Working with Binary Files in Python

Binary Files: In Python, a binary file is a file that contains textual and non-textual data, such as images, audio files, video files, and executable programs. Binary files are usually opened in binary mode to avoid any character encoding issues, and they can be read and written using the built-in file handling functions.
1) It stores information in the form of a stream of bytes
2) It contains the information in the same format in which information is held in memory.
3)There are no delimiters for a line and thus no translation for EOL occurs, So it is faster to read and write binary files.
4) It is not in human readable form.
5) They can have any extension

File Operations : We can perform various operations on a file such as
1) Opening the already existing file
2) Creating the new file
2) Writing data into file
3) Reading data from the file
4) Appending data into the file
5) Searching data into the file
6) Updating data into the file
7) Closing the file

File Object: It is a built-in object or link used to interact with a file on disk or in memory. A file object is created using the open() function, and provides methods and attributes for reading and writing data to the file. All operations are performed on files through the file object or file handle. To create a file object in Python, you can use the open() function, which takes two arguments: the name of the file, and the mode in which the file should be opened.

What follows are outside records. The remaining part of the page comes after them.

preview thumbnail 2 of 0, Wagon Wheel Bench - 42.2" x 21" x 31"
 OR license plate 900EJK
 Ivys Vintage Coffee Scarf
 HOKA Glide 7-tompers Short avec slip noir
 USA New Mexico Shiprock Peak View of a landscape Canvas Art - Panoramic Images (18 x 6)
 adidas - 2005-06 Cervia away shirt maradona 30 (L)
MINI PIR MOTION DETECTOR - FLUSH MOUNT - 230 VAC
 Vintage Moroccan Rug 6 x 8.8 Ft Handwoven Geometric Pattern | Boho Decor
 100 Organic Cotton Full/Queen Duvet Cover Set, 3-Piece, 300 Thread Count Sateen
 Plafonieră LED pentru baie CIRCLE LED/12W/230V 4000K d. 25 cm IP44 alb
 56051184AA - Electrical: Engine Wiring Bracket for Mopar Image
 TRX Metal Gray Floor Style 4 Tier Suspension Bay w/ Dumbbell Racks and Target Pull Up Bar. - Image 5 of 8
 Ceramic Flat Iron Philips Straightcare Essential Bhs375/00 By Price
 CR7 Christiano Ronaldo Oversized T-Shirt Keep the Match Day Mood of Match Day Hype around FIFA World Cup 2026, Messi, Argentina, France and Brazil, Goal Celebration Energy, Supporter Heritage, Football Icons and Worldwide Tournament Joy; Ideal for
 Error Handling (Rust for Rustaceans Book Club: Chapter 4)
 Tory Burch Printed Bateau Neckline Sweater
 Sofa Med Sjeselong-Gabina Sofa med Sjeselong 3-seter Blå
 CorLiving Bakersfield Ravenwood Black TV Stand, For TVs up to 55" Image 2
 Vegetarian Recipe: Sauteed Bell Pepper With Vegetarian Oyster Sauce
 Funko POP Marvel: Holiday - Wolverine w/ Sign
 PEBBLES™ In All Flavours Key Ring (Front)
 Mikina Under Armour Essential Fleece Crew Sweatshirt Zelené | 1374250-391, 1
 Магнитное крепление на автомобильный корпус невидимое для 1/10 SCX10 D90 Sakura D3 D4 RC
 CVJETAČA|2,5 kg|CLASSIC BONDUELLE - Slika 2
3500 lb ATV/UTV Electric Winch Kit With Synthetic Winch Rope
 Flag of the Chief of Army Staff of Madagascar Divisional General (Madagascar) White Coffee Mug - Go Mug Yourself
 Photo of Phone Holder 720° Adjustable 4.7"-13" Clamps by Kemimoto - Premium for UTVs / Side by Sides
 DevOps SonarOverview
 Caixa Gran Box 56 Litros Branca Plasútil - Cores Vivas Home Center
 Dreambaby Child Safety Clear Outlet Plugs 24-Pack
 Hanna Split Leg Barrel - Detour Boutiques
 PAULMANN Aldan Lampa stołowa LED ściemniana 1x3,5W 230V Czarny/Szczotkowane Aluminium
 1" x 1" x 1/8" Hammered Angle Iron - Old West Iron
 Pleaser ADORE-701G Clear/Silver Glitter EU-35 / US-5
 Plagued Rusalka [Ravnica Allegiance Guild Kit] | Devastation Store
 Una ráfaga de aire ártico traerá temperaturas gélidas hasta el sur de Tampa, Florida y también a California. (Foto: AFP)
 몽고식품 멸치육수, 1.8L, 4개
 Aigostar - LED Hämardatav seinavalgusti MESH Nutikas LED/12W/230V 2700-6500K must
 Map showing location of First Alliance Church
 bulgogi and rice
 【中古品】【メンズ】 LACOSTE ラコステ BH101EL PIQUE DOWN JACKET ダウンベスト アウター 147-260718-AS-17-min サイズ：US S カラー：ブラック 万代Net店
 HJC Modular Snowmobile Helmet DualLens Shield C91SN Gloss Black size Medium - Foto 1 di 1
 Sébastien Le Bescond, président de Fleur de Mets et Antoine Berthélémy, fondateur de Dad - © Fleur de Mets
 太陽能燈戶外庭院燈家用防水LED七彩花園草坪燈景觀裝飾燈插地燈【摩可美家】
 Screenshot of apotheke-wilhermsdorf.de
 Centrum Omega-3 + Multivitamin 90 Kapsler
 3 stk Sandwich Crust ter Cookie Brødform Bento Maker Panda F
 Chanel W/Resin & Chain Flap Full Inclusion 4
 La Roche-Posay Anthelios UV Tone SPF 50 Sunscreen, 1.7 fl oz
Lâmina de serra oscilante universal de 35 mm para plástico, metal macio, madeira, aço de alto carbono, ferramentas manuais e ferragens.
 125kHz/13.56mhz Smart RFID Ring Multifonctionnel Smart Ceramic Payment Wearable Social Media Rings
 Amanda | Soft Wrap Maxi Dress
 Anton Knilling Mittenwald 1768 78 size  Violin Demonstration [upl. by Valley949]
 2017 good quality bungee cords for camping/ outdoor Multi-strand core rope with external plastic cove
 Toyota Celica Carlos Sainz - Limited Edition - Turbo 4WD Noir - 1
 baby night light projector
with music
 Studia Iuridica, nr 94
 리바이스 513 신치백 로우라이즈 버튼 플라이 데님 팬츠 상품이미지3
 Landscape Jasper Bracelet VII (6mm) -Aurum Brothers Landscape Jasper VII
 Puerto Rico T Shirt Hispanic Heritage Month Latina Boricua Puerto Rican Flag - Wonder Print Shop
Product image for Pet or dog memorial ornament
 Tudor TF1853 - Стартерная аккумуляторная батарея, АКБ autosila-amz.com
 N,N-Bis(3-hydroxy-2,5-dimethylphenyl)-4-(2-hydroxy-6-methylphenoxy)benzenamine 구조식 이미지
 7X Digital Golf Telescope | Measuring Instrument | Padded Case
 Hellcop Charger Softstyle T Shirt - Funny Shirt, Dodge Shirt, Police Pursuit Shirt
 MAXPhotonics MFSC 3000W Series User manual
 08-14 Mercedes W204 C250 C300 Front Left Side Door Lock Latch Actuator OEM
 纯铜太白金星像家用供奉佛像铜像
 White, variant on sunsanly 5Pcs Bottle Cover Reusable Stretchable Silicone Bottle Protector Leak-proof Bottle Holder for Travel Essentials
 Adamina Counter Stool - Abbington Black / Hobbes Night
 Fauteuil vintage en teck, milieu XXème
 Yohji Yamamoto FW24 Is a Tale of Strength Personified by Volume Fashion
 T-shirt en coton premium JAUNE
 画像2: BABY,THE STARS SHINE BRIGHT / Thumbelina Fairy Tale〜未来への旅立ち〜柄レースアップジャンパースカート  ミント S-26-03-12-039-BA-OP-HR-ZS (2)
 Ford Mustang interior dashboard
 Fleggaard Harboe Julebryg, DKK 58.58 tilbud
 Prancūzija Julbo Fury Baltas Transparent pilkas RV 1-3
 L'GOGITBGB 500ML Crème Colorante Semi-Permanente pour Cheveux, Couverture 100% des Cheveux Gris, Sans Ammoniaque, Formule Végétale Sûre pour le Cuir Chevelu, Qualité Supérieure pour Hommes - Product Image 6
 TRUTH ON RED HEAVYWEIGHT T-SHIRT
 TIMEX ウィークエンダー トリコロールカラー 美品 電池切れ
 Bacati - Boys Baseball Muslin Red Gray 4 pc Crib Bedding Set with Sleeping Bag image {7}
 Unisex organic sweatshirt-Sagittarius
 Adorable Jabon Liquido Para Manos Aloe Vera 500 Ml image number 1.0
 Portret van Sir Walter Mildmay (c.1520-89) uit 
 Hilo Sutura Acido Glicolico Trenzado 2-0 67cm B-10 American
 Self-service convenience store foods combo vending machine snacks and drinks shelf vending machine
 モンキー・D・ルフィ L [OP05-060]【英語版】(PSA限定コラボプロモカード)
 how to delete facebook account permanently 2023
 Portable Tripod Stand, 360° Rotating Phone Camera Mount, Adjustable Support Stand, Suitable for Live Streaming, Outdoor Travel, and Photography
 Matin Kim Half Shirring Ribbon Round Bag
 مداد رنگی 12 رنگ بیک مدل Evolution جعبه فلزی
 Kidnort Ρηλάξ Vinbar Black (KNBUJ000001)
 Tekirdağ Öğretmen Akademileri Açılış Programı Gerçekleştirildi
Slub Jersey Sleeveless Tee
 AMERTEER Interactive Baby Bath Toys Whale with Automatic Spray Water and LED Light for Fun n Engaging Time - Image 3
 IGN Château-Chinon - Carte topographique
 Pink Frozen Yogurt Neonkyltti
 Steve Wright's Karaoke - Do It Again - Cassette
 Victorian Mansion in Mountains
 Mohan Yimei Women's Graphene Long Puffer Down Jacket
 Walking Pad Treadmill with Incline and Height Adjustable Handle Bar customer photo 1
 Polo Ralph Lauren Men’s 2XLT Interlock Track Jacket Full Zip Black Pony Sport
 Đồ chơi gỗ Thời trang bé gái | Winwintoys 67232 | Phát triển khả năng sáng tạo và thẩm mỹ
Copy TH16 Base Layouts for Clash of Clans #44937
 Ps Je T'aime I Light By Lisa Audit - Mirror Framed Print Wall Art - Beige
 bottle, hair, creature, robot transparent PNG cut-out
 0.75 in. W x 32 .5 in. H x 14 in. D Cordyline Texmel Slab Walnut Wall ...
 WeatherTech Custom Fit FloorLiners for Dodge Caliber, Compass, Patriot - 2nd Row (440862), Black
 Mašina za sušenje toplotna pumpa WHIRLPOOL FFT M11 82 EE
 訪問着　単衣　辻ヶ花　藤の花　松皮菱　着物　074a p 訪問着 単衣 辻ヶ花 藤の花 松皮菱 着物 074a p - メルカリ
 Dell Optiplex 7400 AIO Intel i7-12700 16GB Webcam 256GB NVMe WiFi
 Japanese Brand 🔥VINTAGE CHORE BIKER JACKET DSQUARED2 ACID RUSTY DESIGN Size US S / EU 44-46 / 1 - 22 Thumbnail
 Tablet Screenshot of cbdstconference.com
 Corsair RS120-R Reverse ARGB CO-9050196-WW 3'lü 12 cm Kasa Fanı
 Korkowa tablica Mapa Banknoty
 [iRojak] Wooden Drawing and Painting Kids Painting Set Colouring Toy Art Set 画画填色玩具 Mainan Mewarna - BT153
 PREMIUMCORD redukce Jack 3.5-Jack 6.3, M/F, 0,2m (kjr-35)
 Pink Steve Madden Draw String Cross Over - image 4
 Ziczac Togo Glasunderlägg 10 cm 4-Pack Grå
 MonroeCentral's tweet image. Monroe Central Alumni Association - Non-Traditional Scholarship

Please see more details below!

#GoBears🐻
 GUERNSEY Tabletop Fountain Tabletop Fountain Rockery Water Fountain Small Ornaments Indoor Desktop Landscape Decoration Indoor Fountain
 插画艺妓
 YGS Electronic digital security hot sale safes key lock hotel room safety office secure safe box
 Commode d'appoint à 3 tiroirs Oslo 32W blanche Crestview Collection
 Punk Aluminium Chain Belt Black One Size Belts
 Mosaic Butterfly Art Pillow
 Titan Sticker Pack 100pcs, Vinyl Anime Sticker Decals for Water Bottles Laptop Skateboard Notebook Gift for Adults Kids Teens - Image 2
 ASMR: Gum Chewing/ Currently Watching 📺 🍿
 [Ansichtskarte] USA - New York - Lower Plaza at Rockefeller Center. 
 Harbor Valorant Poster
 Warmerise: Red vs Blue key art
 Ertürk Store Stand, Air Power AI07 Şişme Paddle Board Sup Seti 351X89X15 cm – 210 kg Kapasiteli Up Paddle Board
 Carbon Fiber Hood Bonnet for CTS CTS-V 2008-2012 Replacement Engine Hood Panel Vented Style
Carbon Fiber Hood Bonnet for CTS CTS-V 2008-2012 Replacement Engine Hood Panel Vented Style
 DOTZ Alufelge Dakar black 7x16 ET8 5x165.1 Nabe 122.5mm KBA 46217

Opening Files: We can open files using the built-in function open(). The open() function takes two arguments: the name of the file you want to open, and the mode in which you want to open the file. Syntax is
file_object_name = open(“file name with complete path” , “file mode”)

File Mode: The file mode determines the purpose of opening the file i.e. whether the file is opened for reading, writing, appending, or some combination of these operations. The file mode is specified as the second argument to the open() function, and it is a string that contains one or more characters.
The most common file modes are:

  1. ‘r’ open for reading (default)
  2. ‘w’ open for writing, truncating the file first
  3. ‘x’ create a new file and open it for writing
  4. ‘a’ open for writing, appending to the end of the file if it exists
  5. ‘b’ binary mode
  6. ‘t’ text mode (default)
  7. ‘+’ open a disk file for updating (reading and writing)
  8. ‘U’ universal newline mode (deprecated)

Note:
1) Default file opening mode is “rt” which opens a text file for reading if file exists and gives error if file doesn’t exist.
2) In write mode, file is created if it doesn’t exist and overwritten if file already exists while “X” mode (exclusive creation) is used to create a new file and open it for writing. If the file already exists, the operation will fail and raise a FileExistsError. This mode is useful when you want to create a new file and avoid accidentally overwriting an existing file.
3) In append mode, file is created if it doesn’t exist and opened (but not ovrewritten) if file already exists and new contents are appended at the end of the file.
4) While opening files in read and write file modes, file pointer is placed at the begining of the file but in append mode, file pointer is placed at the end of the file.
5) We can write exactly any one of create/read/write/append mode i.e r/w/a/x mode at a time
6) We can’t have text and binary mode at the same time
7) ‘U’ mode is deprecated and will raise an exception in future versions of Python. It has no effect in Python 3.
8) We can combine any two or more possible combinations of file modes in any possible way by writing as
a) ‘rb’ , ‘br’ , ‘rt’ , ‘tr’ , ‘r+b’ , ‘rb+’ , ‘+rb’ , ‘b+r’ , ‘br+’ , ‘+br’
b) ‘wb’ , ‘bw’ , ‘wt’ , ‘tw’ , ‘w+b’ , ‘wb+’ , ‘+wb’ , ‘b+w’ , ‘bw+’ , ‘+bw’
c) ‘ab’ , ‘ba’ , ‘at’ , ‘ta’ , ‘a+b’ , ‘ab+’ , ‘+ab’ , ‘b+a’ , ‘ba+’ , ‘+ba’
d) ‘xb’ , ‘bx’ , ‘xt’ , ‘tx’ , ‘x+b’ , ‘xb+’ , ‘+xb’ , ‘b+x’ , ‘bx+’ , ‘+bx’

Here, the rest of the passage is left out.